ESSA also included new language on informing parents about what achievement standards their student will be assessed on and any implications for receiving a regular high school diploma:

(II) ensures that the parents of such students are clearly informed, as part of the process for developing the individualized education program (as defined in section 614(d)(1)(A) of the Individuals with Disabilities Education Act (20 U.S.C.1414(d)(1)(A)))--

(aa) that their child’s academic achievement will be measured based on such alternate standards; and

(bb) how participation in such assessments may delay or otherwise affect the student from completing the requirements for a regular high school diploma. (Every Student Succeeds Act, Section 1111(b)(2)(D)(i))(II)(aa)(bb))

The statute went on to prohibit the placement of a cap on district, school, or IEP team assessment participation decisions and required the State to provide oversight to LEAs providing a justification for exceeding the 1% cap:

(II) PROHIBITION ON LOCAL CAP.—Nothing in this subparagraph shall be construed to permit the Secretary or a State educational agency to impose on any local educational agency a cap on the percentage of students administered an alternate assessment under this subparagraph, except that a local educational agency exceeding the cap applied to the State under clause (i)(I) shall submit information to the State educational agency justifying the need to exceed such cap. (Every Student Succeeds Act, Section1111(b)(2)(D)(ii))(II))

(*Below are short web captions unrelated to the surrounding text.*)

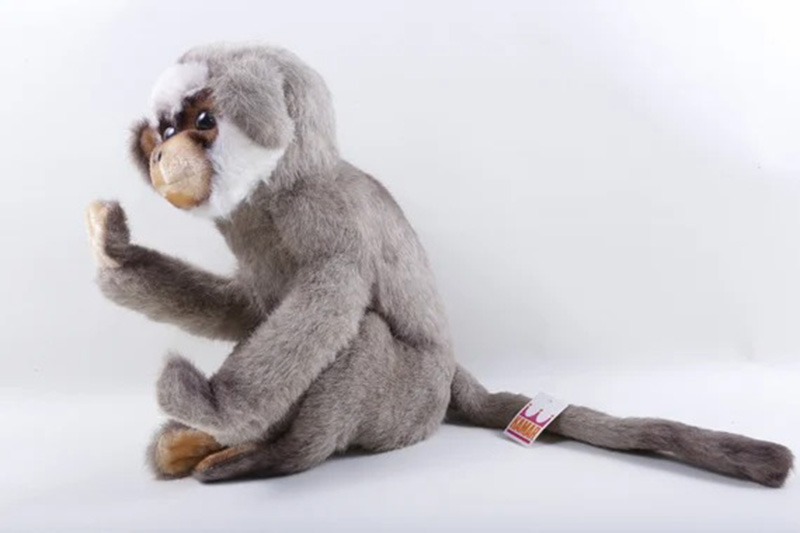 A realistic monkey plush toy with soft fur texture and long tail, designed to resemble a natural primate and suitable for educational play, decoration, or collection.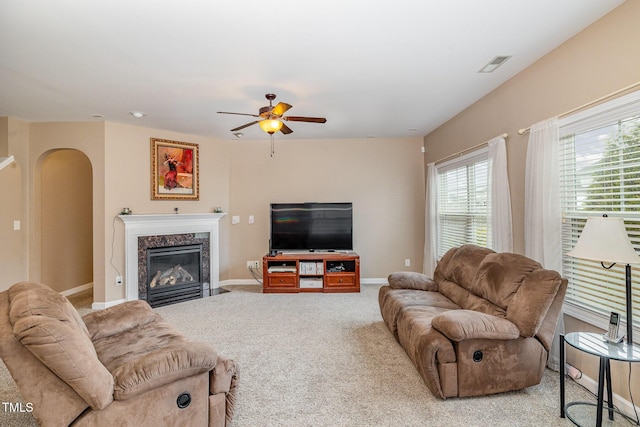 living area featuring visible vents, a high end fireplace, arched walkways, carpet, and baseboards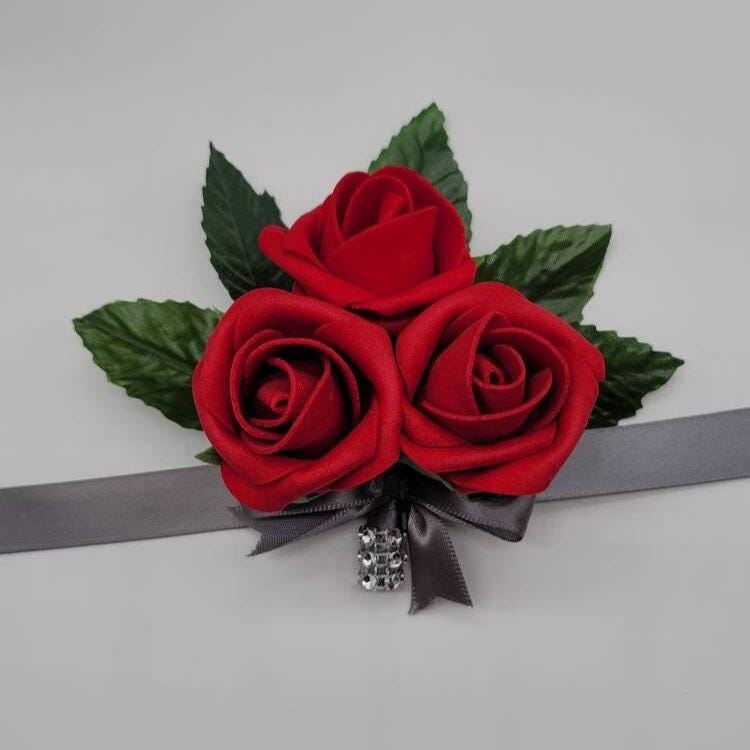 Red 3 rose wrist corsage with gray ribbon and a strip of silver bling wrap on handle.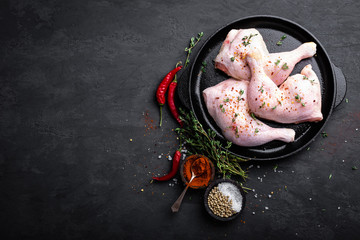 Canvas Print - Raw chicken quarters, legs in a pan on a dark background. Top view.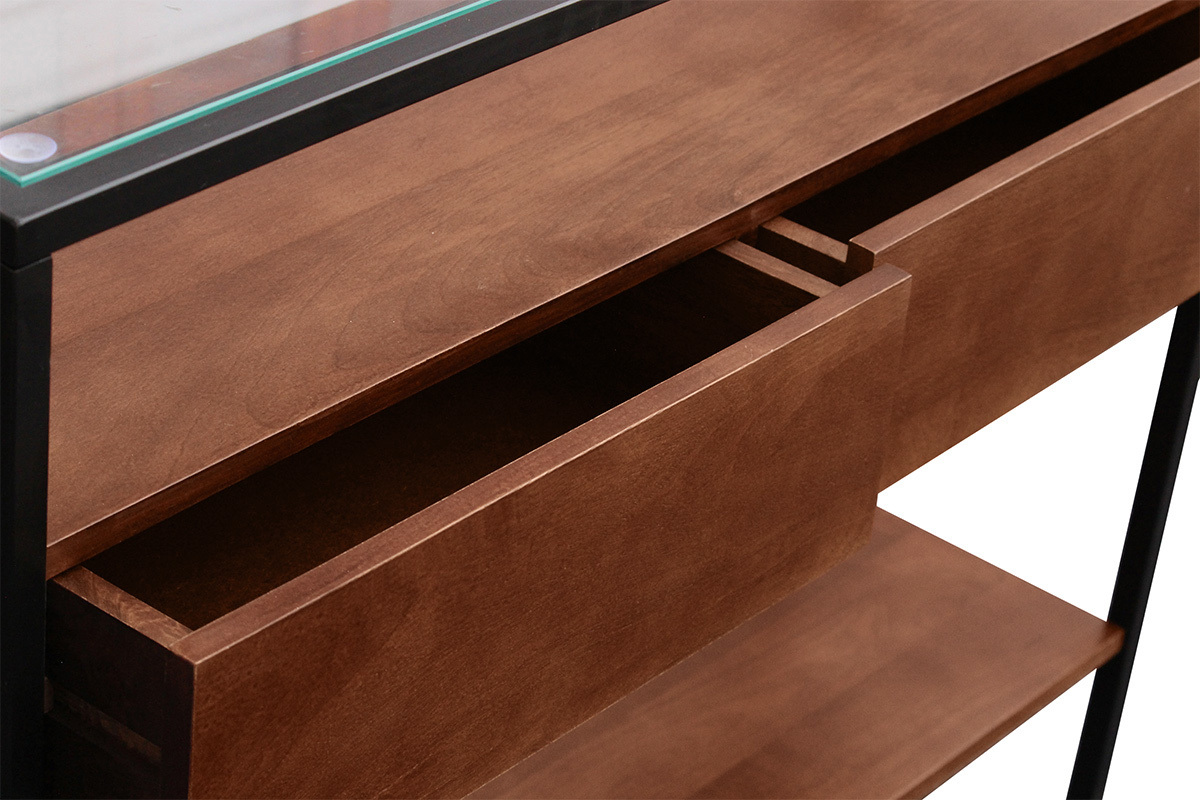 Vista superior de la consola SITA en madera oscura, con dos cajones abiertos y una tapa de vidrio.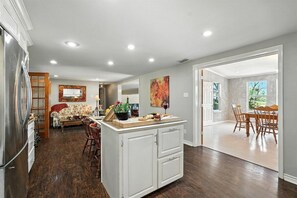 Une cuisine spacieuse avec un coin repas, un plancher en bois et une vue sur la salle à manger.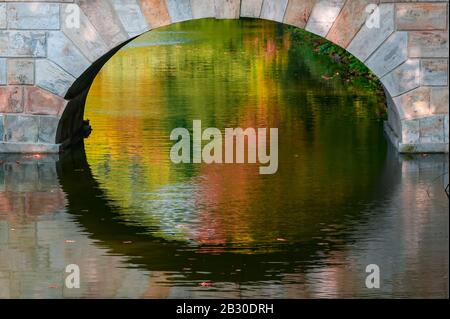 Impressioni Autunnali. Foglie colorate riflesse in un ruscello, vista attraverso l'arco di un ponte. Foto Stock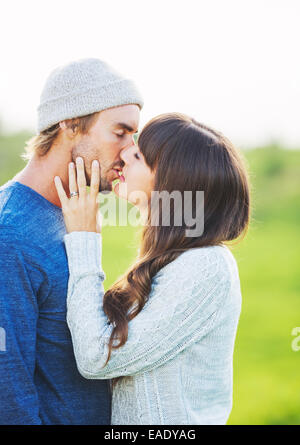 Happy Young Couple Having Fun Outdoors. Romantic Couple Kissing in Love. Stock Photo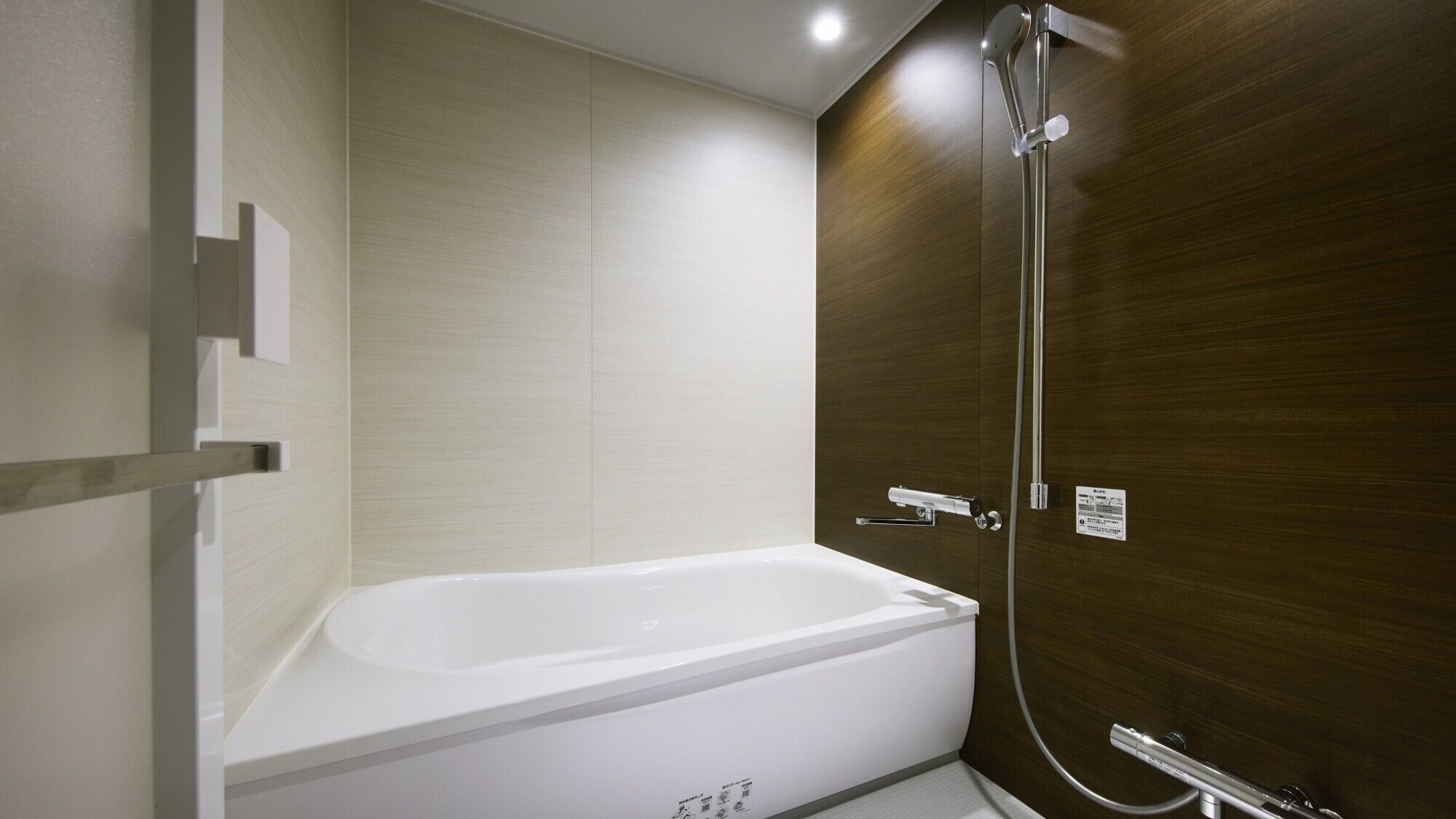 A modern bathroom with a white bathtub, a wooden wall, and a shower with a handheld showerhead.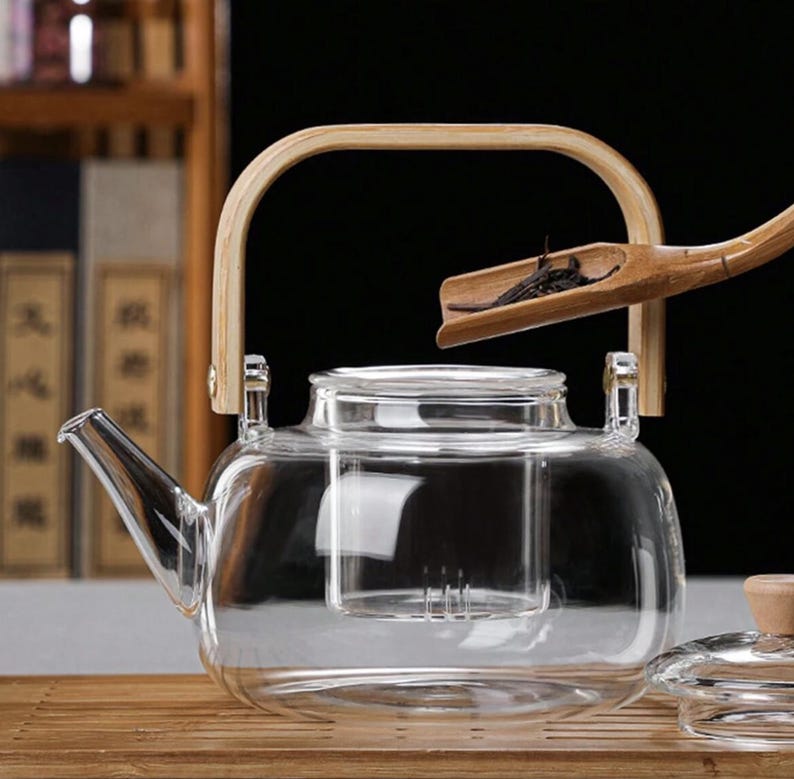 May include: A clear glass teapot with a built-in strainer and a wooden handle. The teapot is sitting on a wooden surface. A bamboo tea scoop is shown above the teapot.
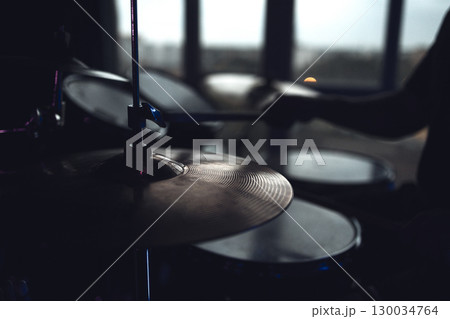 Drum kit, Drum cymbals close-up. Preparation for the concert. Drummer's seat close-up. 130034764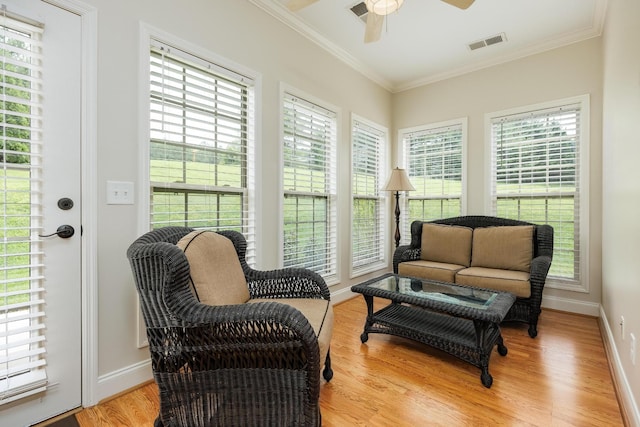 living area with ceiling fan, visible vents, and a healthy amount of sunlight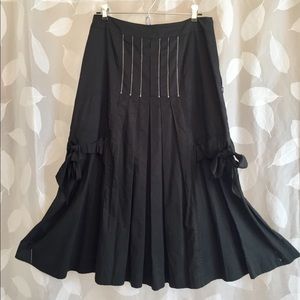 Black cotton skirt with unusual detailing.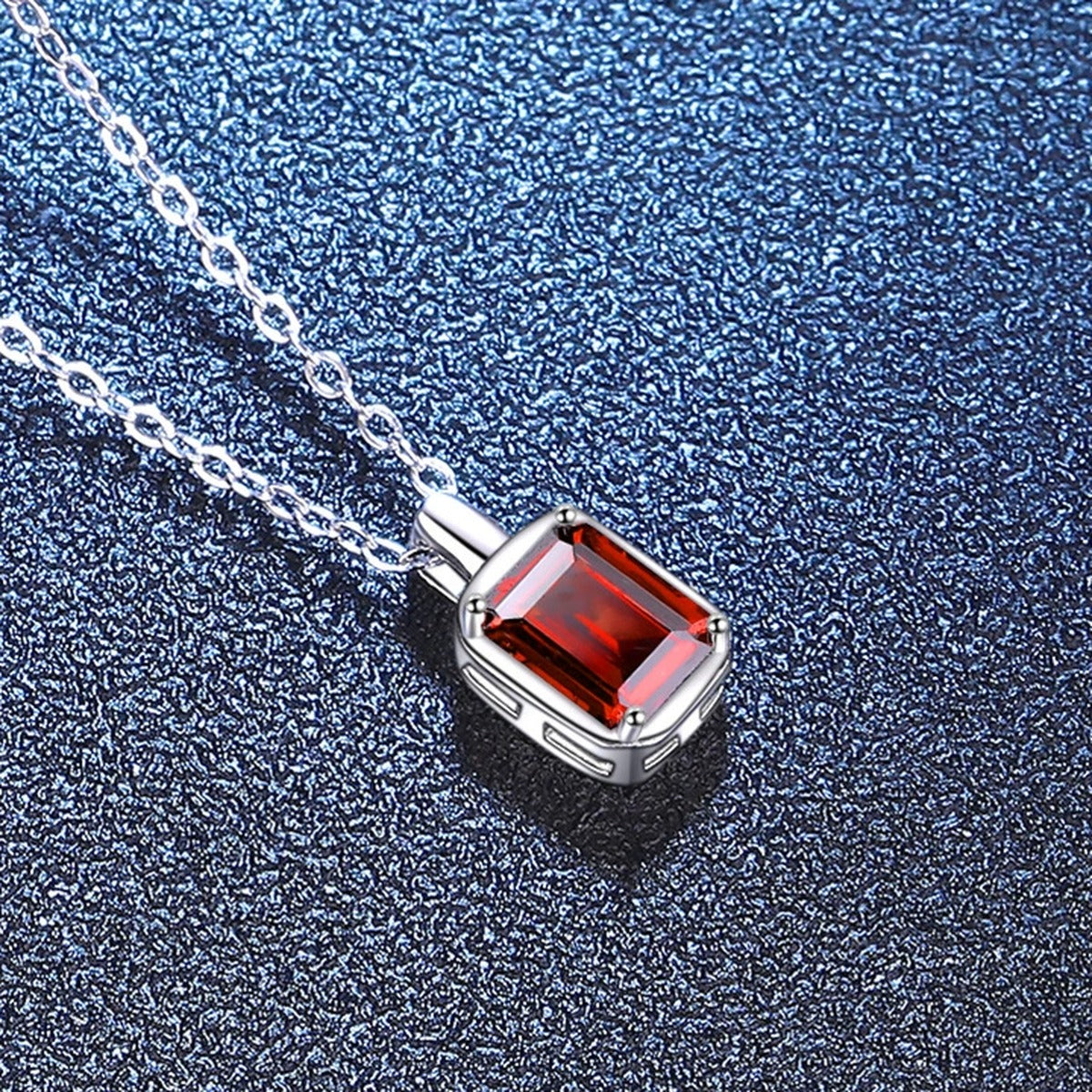 Emerald Cut Lab-Grown Gemstone and Moissanite Pendant Necklace in White Gold-Plated S925 Sterling Silver blue background close-up view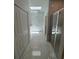 Bright bathroom featuring marble floors, skylight, walk-in shower, and storage at 1754 35Th Nw St, Winter Haven, FL 33881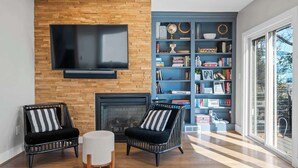 Una sala de estar con un televisor montado en una pared de ladrillo, dos sillones de mimbre negro con cojines a rayas, un reposapiés blanco y una estantería llena de libros y objetos decorativos.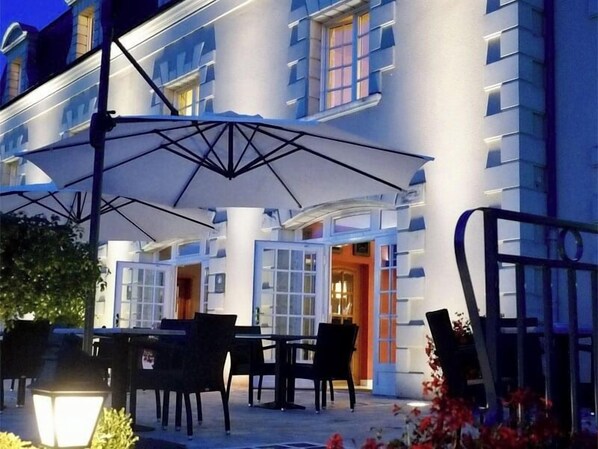 An outdoor seating area with tables and chairs, a large umbrella, and a building with multiple windows and doors.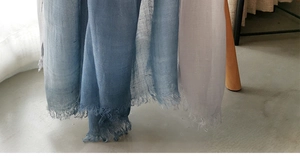 Close-up of blue to purple gradient linen scarf featuring delicate fringe edge details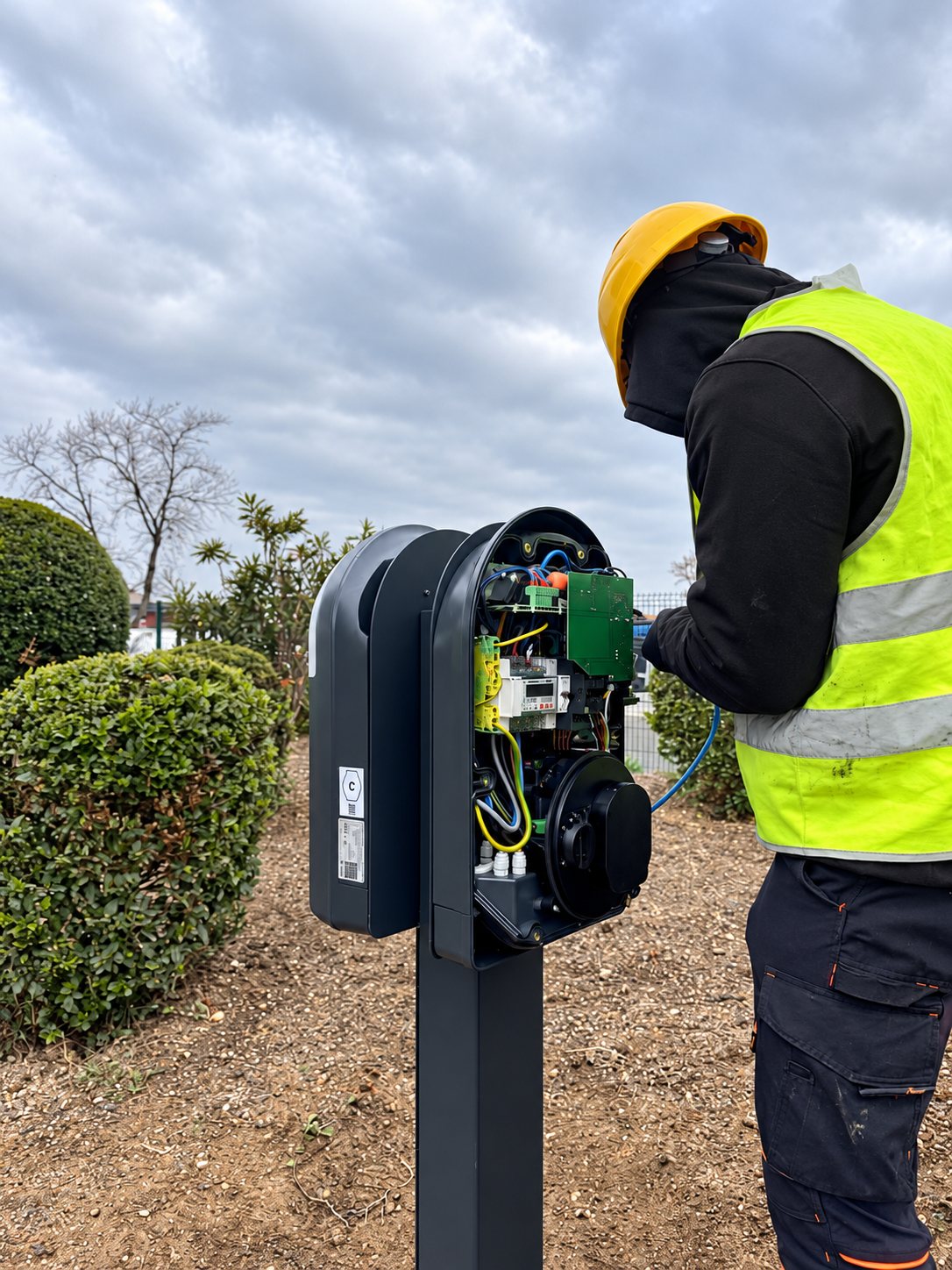 Électricien au travail dans une armoire d'une installation de bornes de recharge
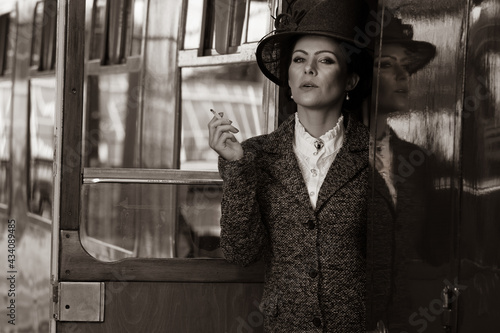 фотографія Beautiful female in vintage 1920s costume smoking cigarette while leaving train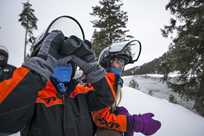 Kids using binoculars during a Yellowstone snowmobile tour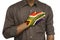 hand on chest making pledge. Hand painted in South African flag colors.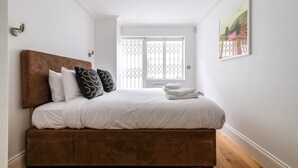 A bedroom with a large bed, white bedding, a brown headboard, and a window with a metal grille. - Gorgeous Kentish Town Flat (London)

(III) STATE SUPPORT.—A State shall provide appropriate oversight, as determined by the State, of any local educational agency that is required to submit information to the State under subclause (II). (Every Student Succeeds Act, Section1111(b)(2)(D)(ii))(III))

Section 16701(b) of ESSA required the Secretary of Education to develop a negotiated rule-making process to develop regulations for ESSA assessments:

Consistent with this section, the Department subjected the proposed assessment regulations to a negotiated rulemaking process, through which the Department convene a diverse committee of stakeholders representing Federal, State, and local administrators, tribal leaders, teachers and paraprofessionals, principals and other school leaders, parents, the civil rights community, and the business community that met in three sessions during March and April 2016. The negotiating committee’s protocols provided that it would operate by consensus, which meant unanimous agreement—that is, with no dissent by any voting member. Under the protocols, if the negotiating committee reached final consensus on regulatory language for assessments, the Department would use the consensus language in the proposed regulations. (U.S. Department of Education, 2016, p. 88886)

ESSA Final Regulations 2016 (December 8)

Numerous comments on the proposed regulations from ESSA negotiated rulemaking focused on the definition of “students with the most significant cognitive disabilities.” Commenters generally requested that ESSA provide more understanding of who these students are:

One commenter suggested adding specific examples to the regulations to provide States greater understanding of what might qualify as a ‘‘significant cognitive disability,’’ and provided several suggested examples such as students who require dependence on others for daily living activities. Two commenters supported adding that a student’s intelligence quotient (IQ) score may not be a factor in determining whether a student should take an AA–AAAS. Finally, a commenter recommended modifying one of the parameters for states’ definitions to emphasize the role of IEP teams and not equivocally state these students require extensive, direct individualized instruction and substantial supports to achieve measurable gains on the challenging state academic grade in which the student is enrolled. Instead, the commenter proposed that IEP teams consider the provision of such instruction and supports.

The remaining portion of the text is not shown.